Many organizations already down the long road to compliance before the likely 2018 deadline will be wondering whether they should halt these preparatory efforts until the Brexit vote in June.

Not so, according to Allen & Overy partner, Nigel Parker. “First, preparing for the GDPR is a significant and long-term project for larger businesses operating across multiple jurisdictions, so there isn’t time to sit back and wait for the result.
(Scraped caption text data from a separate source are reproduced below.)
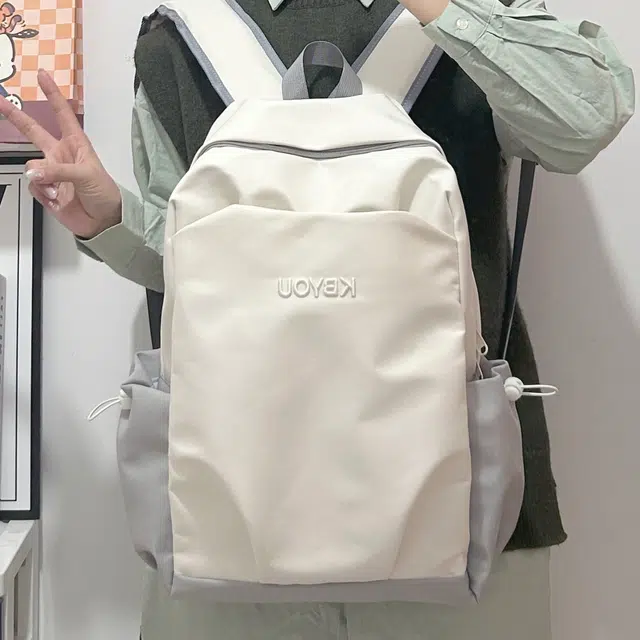 揽月 撞色简约学生通勤百搭 牛津布 书包背包双肩包 男女同款情侣款 多色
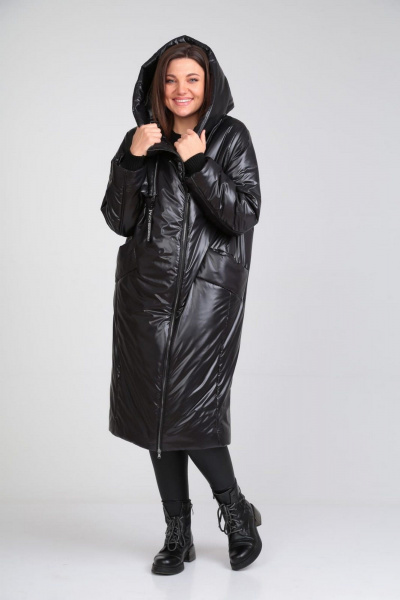 Пальто с асимметричной молнией и капюшоном Диомант 1935 черный - фото 4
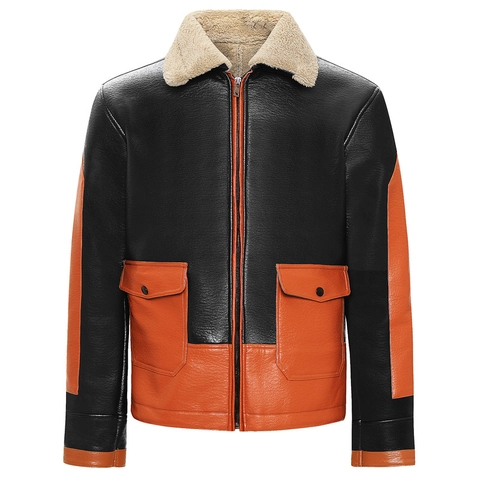 Chaqueta de Cuero Sintético de Invierno para Hombre Casual Bloques de Color Abrigo Biker Con Forro de Felpa Sintética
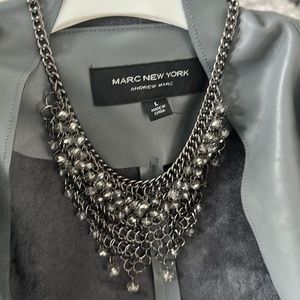 Gorgeous black metal and crystal statement necklace and earrings!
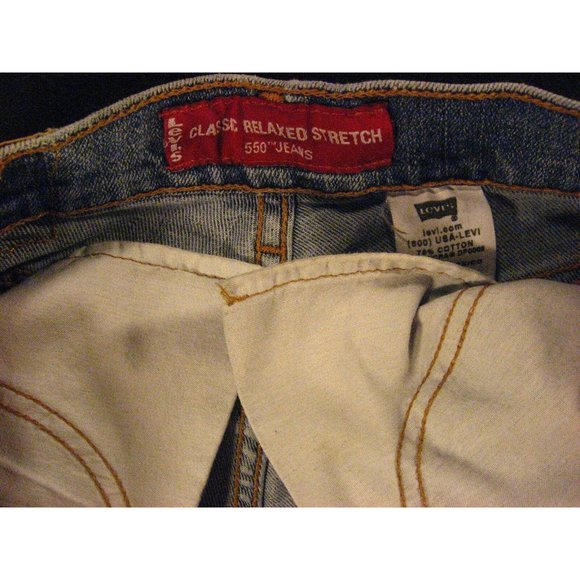 LEVIS Zipper 550 CUTOFF JEAN SHORTS 27 RELAXED Juniors Red Tab STRETCH Blue - Picture 10 of 11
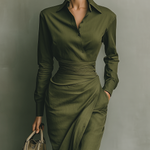 Women's Army Green Cotton Blended Maxi Dress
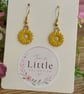 Yellow Flower Dangle Earrings, Enamel Floral Charms, Handmade Jewellery - Image 4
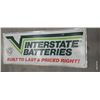 Image 2 : Vintage metal Interstate Batteries sign 61"x25"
Secondly, our expectation is that post-referendum the UK would be more likely than not to amend existing data protection legislation to ensure alignment with the GDPR, to enable free movement of personal data from EU countries to the UK,” he tells Infosecurity.

“Taking this into consideration, many companies operating across multiple jurisdictions will feel that the best course of action is therefore to continue to prepare for the GDPR in the expectation that even if the UK did leave the EU, a data protection regime which imposes similar requirements to those in the GDPR would be likely to apply.”

Others argue that a Brexit could cause massive upheaval from a data protection point of view, severely impacting the UK’s digital economy. Chatham House associate fellow, Emily Taylor, is concerned that if the controversial Investigatory Powers Bill passes into law this could require an agreement between the UK and EU in the same manner as the Privacy Shield deal hammered out by the US and European Union, in order to allow data on EU citizens to be stored in the UK.

While ‘Vote Leave’ proponents will argue this can be done, the risk is that while lawmakers are thrashing out a deal – and Privacy Shield took the best part of three years – the market could vote with its feet.

“Given that the Court of Justice of the EU has shown itself pretty allergic to bulk data collection, as envisioned in the Investigatory Powers Bill, there is a risk post-Brexit that the free flow of data between the EU and UK could be impeded,” Taylor tells Infosecurity.

“Moving data is quicker and easier than moving people, buildings or entire businesses. So, if there’s uncertainty over the legal, political or economic conditions, data will often start moving before the laws or policies catch up.”

With the most internet-dependent economy of any G20 nation, this would put the UK in a difficult position. Amazon and Microsoft have both announced new data centers in the UK for this year, adding to the hundreds that are already here belonging to major international cloud providers.

“These companies have a choice where they can store and process their data, and they can move the data offshore quickly should the law require it,” Taylor concludes.

“In this scenario, our homegrown data industries would suffer. Access to valuable EU markets would be in doubt, and the UK’s appeal as an international data center location could diminish.”